EXERCISE INSTRUCTIONS. Reproduce only this range: the line holding "Use To Be An" through the last line of the data below, both included, exactly, with no pictures.

(Data extracted from a collection)
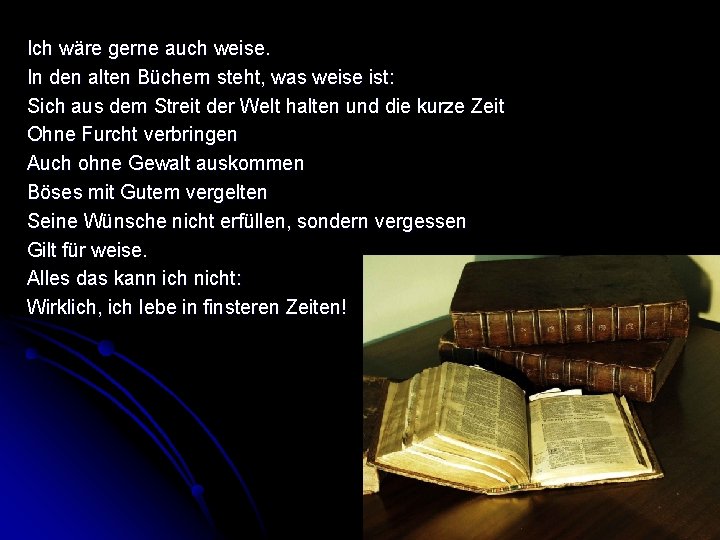 Ich wäre gerne auch weise. In den alten Büchern steht, was weise ist: Sich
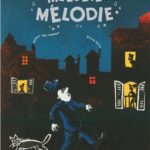 La mélodie de mélodie - H.Ben Kemoun - Les lectures de Liyah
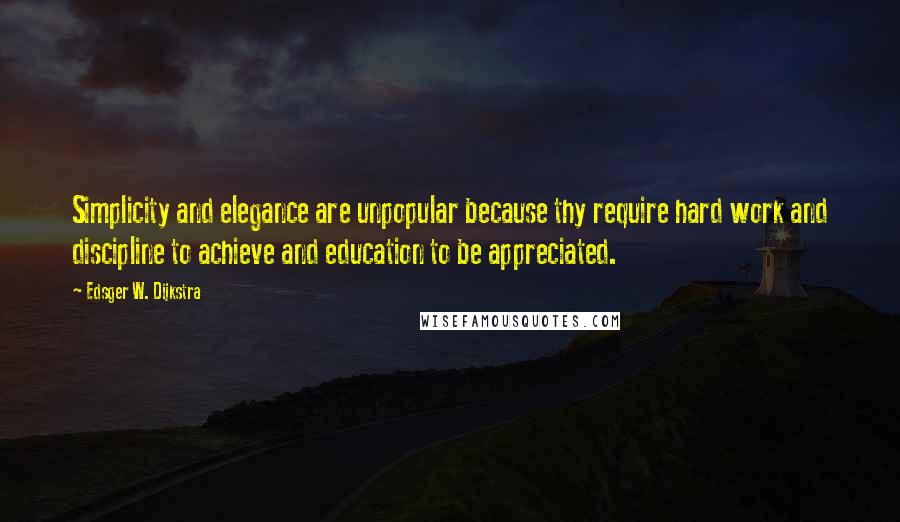 Edsger W. Dijkstra Quotes: Simplicity and elegance are unpopular because thy require hard work and discipline to achieve and education to be appreciated.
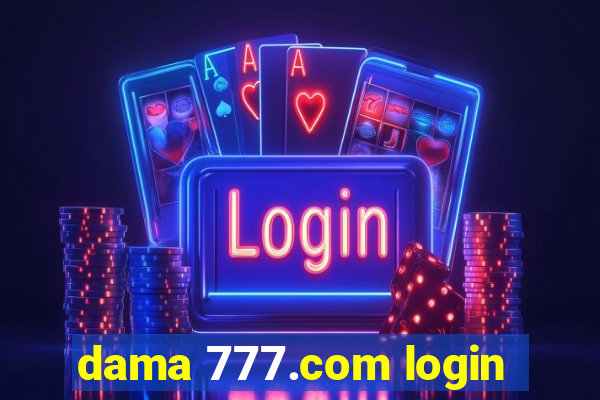 dama 777.com login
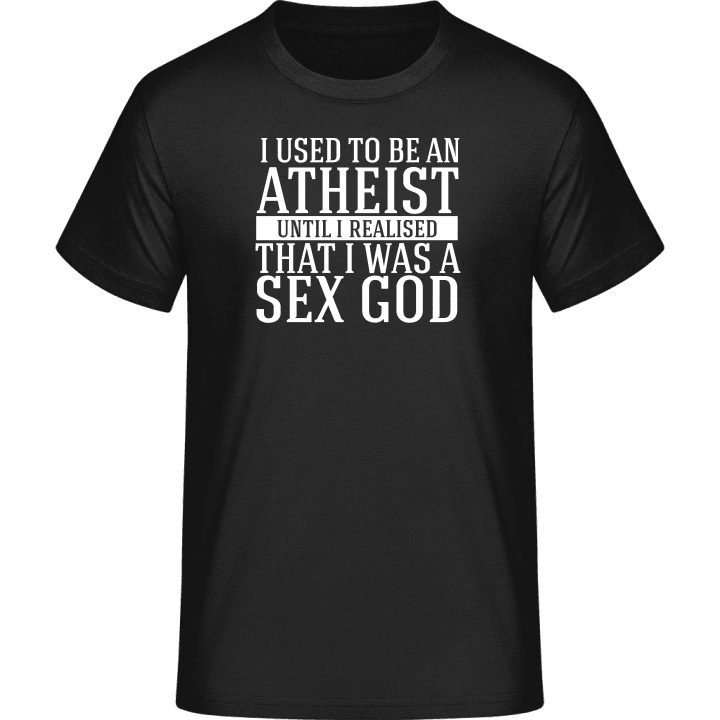 Use To Be An Atheist Until I Realised I Was A Sex God Maglietta 0 image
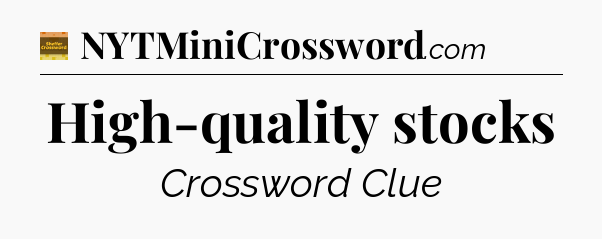 High-quality stocks - Eugene Sheffer Crossword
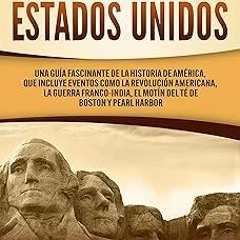 #% Historia de los Estados Unidos: Una guía fascinante de la historia de América, que incluye e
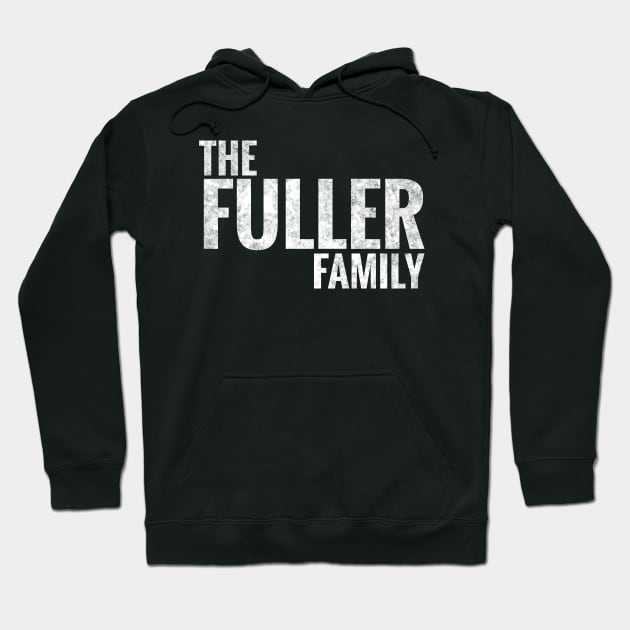 The Fuller Family Fuller Surname Fuller Last name Hoodie by TeeLogic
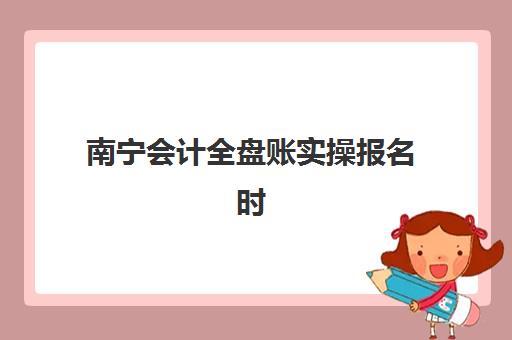 南宁会计全盘账实操报名时间2025年如何安排？最新报名时间表解析、报名流程详解与常见问题解答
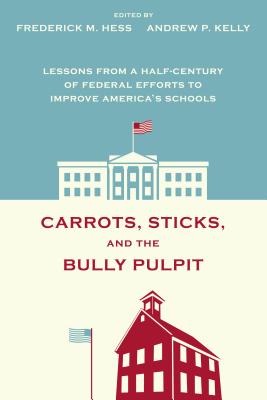 Carrots, Sticks, and the Bully Pulpit: Lessons from a Half-Century of Federal Efforts to Improve America's Schools - Hess, Frederick M (Editor), and Kelly, Andrew P (Editor)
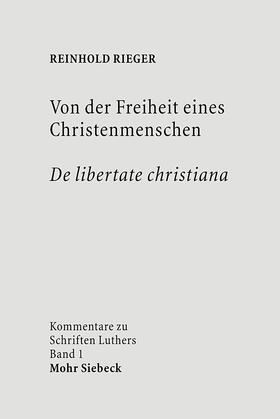 Rieger | Von der Freiheit eines Christenmenschen / De libertate christiana | Buch | 978-3-16-149362-1 | sack.de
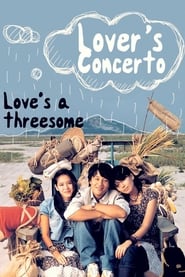 Lovers’ Concerto (2002)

RESULT OF THE EXERCISE.
 Use To Be An Atheist Until I Realised I Was A Sex God Maglietta 0 image
 High-quality stocks - Eugene Sheffer Crossword
 #% Historia de los Estados Unidos: Una guía fascinante de la historia de América, que incluye e
 The Fuller Family Fuller Surname Fuller Last name Hoodie by TeeLogic
 南宁会计全盘账实操报名时间2025年如何安排？最新报名时间表解析、报名流程详解与常见问题解答
 Carrots, Sticks, and the Bully Pulpit: Lessons from a Half-Century of Federal Efforts to Improve America's Schools - Hess, Frederick M (Editor), and Kelly, Andrew P (Editor)
 Rieger | Von der Freiheit eines Christenmenschen / De libertate christiana | Buch | 978-3-16-149362-1 | sack.de
 Lovers’ Concerto (2002)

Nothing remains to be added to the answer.